▶ **Work request**
Taking each line of the material in turn, count those with the string "Crossword" and answer with the count alone.

▶ **Data**

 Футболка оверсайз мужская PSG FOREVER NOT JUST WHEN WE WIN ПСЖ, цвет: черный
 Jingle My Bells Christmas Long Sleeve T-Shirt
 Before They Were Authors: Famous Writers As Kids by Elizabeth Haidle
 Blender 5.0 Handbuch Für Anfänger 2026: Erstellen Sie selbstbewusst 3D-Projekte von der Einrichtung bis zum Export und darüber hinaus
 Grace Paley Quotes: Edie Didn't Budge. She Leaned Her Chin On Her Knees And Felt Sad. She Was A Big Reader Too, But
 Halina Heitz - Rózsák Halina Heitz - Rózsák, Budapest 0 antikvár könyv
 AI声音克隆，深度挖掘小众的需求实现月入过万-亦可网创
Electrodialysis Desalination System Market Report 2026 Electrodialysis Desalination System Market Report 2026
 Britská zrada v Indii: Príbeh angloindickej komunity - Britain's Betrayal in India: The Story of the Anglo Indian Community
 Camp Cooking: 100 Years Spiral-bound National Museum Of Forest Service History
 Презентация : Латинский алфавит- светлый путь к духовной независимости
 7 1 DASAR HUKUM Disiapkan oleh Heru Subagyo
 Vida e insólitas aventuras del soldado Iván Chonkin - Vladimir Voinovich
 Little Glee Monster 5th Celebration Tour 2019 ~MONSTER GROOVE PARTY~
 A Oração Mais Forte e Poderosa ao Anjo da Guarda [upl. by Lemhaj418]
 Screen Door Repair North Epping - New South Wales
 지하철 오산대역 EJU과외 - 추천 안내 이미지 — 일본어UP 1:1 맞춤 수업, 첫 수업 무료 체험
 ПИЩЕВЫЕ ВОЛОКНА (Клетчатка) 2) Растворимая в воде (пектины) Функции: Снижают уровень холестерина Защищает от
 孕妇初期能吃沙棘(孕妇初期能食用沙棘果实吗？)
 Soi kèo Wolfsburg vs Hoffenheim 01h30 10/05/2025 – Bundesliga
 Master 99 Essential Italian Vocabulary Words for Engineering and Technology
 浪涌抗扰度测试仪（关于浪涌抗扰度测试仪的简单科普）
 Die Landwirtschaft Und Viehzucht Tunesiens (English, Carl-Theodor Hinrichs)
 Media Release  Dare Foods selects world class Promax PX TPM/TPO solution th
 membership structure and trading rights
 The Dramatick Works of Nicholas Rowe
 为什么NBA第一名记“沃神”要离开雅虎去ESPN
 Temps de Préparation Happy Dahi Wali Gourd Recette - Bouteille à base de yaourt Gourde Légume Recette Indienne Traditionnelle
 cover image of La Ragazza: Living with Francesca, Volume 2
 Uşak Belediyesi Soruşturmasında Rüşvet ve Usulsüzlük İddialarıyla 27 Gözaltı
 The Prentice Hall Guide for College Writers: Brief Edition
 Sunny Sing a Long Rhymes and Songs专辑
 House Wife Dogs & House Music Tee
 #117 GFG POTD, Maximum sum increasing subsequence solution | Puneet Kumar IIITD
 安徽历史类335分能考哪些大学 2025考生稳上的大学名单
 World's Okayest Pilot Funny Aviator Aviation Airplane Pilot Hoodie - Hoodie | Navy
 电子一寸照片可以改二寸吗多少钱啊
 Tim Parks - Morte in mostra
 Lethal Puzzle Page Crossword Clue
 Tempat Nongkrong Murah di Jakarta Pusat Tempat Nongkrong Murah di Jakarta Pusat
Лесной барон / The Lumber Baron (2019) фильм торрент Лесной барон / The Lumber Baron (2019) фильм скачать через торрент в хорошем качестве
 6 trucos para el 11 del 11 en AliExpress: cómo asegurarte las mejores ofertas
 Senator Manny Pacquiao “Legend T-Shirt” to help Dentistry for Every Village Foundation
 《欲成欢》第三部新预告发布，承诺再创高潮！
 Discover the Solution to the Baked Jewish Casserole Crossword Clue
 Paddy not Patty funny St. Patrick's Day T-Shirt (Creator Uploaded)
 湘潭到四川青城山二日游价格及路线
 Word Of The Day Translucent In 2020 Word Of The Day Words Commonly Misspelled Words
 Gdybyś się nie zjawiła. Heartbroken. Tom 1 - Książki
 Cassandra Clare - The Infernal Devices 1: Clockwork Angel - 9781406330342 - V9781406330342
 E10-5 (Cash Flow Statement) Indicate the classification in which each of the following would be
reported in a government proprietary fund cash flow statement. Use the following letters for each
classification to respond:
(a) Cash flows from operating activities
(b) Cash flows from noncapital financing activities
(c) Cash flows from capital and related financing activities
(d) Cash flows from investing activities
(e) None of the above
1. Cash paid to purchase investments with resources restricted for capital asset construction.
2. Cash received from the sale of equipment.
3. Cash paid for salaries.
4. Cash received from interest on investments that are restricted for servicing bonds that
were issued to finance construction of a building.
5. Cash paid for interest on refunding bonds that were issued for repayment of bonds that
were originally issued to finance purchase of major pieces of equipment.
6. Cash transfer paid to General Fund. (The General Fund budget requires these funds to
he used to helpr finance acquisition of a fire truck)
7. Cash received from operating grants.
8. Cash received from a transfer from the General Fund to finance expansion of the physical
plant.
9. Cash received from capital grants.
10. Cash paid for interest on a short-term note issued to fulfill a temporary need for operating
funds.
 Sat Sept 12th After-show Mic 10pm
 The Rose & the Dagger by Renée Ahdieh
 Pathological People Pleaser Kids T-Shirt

▶ **Expected answer**
2